At peak attendance, there were thirty-eight students present – out of over 7,000 arts undergraduate students – a number that continued to dwindle over the course of the evening.
Because the GA failed to meet its quorum of 150 students, it ran as a consultative body, meaning that procedure continues as normal but that votes are not binding.
Though there was no set agenda for the evening, there were six motions to be discussed, many of which were similar to those brought up at the Students’ Society of McGill University (SSMU)’s GA last month.
The first motion, a motion regarding departmental democracy, encouraged departmental associations to hold their own GAs one week prior to the one held by the AUS.
Lily Schwarzbaum, a U3 Arts student and one of the movers of the departmental democracy motion, told The Daily she was “unimpressed but unsurprised” with the evening’s results.
“It is because the initiative to make general assemblies happen didn’t come from the councillors but from individual students who last year wanted something specific to pass,” she said. “But there hasn’t been any process to talk about why it is important to have direct democracy.”

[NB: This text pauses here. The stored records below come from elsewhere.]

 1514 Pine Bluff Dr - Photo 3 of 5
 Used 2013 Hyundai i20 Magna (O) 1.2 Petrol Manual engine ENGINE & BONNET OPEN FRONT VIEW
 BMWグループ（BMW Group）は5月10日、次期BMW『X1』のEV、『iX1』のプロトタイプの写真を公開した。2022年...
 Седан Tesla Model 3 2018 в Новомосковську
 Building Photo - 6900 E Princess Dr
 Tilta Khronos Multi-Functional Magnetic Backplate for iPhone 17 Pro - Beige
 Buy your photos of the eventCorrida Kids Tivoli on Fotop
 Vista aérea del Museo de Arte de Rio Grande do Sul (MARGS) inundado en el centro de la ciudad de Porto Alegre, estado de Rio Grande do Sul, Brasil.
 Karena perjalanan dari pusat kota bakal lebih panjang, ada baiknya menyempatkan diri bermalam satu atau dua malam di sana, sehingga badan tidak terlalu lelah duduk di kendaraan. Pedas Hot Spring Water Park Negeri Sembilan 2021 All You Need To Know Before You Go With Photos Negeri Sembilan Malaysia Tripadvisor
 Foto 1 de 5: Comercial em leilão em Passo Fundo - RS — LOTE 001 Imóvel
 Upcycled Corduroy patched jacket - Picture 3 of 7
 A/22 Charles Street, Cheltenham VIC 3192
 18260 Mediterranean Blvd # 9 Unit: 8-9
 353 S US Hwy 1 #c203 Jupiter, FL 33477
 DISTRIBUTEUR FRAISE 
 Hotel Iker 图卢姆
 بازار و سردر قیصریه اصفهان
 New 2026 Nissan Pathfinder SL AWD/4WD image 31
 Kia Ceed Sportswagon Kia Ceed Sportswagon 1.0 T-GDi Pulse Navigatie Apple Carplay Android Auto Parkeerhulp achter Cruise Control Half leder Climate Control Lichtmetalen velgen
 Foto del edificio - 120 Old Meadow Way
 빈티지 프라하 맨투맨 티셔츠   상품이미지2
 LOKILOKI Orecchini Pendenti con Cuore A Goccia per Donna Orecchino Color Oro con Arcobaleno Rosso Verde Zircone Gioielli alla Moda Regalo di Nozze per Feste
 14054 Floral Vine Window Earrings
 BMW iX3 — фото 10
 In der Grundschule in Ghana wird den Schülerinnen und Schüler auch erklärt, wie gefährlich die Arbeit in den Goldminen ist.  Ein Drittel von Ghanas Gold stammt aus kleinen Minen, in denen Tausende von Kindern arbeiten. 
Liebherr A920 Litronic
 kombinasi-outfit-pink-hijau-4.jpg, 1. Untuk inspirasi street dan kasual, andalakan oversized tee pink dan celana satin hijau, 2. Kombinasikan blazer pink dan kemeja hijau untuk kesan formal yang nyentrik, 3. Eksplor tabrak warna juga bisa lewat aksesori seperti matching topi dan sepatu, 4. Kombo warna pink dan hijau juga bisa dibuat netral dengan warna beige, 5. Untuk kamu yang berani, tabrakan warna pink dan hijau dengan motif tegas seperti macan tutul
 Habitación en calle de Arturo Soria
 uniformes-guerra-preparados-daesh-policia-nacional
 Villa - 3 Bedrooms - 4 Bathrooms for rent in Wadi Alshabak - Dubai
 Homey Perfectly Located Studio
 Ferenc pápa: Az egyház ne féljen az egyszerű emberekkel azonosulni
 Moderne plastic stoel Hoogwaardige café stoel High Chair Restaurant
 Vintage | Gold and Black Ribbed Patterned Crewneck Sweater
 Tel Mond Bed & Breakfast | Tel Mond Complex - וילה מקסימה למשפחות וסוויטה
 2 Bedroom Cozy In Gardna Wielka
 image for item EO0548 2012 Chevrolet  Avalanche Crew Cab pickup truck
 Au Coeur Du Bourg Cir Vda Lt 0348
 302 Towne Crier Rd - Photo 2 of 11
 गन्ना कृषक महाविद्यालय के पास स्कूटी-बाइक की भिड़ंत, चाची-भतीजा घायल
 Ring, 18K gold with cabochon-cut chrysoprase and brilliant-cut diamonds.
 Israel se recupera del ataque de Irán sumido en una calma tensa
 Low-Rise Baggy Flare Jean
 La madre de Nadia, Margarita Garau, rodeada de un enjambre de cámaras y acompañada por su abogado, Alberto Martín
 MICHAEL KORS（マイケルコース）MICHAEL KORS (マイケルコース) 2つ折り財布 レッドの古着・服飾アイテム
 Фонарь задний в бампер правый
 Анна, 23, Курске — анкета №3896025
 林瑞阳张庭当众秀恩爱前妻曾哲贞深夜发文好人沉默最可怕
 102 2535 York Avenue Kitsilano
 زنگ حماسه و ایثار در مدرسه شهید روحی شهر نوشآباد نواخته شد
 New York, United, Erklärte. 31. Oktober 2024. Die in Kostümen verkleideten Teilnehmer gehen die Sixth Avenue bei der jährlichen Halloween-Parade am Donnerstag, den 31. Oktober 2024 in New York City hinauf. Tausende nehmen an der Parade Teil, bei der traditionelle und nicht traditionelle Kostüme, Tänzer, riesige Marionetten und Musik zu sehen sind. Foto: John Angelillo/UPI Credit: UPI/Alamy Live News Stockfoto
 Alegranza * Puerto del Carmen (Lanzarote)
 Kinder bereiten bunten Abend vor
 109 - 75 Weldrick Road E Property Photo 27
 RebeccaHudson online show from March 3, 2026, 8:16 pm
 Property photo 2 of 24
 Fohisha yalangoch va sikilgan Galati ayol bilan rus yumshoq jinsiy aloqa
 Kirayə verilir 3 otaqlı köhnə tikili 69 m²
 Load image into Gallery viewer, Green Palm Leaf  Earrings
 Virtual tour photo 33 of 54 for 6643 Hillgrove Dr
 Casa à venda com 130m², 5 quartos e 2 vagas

Other motions brought forward included a “Motion for Accessible Education,” a “Motion to Oppose the Plan Nord,” a “Motion for a McGill Free from Fossil Fuels,” a “Motion to Create a Students Helping Students Fund,” and a motion from the floor regarding Canadian involvement in Iran.
The only motion that will not move on to be discussed in AUS Council next week was the motion to create a Students Helping Students fund, which was tabled indefinitely.
The motion would require the AUS to allocate $0.75 per student to a fund dedicated to helping students who are working for accessible education or who are affected by a student strike or tuition hike.
AUS President Devon LaBuik told The Daily he thought the evening went “fine.”
“I think we tried our hardest with advertising – that’s apparent,” said LaBuik. “I think we sent out three emails last week. We sent out one Monday as well to get more people to come.”
“In the end, we didn’t get a lot of people, which I was disappointed with because I thought more students would care about coming to support the general assembly,” he continued
When asked whether this was lowest recorded turnout of an AUS GA, LaBuik replied, “Well we have had only three or four GAs in the past several years, so probably…and last year was more politicized, but you have to remember last year some of the GAs didn’t hit quorum either.”
“I think the biggest thing is now we aren’t in the same political environment that we were last year,” LaBuik explained. “This happened with the SSMU GA as well, they didn’t have quorum. First of all, we need to start appealing to students in different ways. Doing more of the same and more emails [is] obviously not working, and we need to appeal to a broader audience than we already have.
Looking forward, he said, “What I would like to start working with, with our VP Communications, is a new campaign that is going to do something more creative with advertising than just blasting people with emails.”
LaBuik also stated that the reason for the GA’s timing so late in the year was due to the Judicial Board case regarding a previous AUS GA, which postponed it significantly.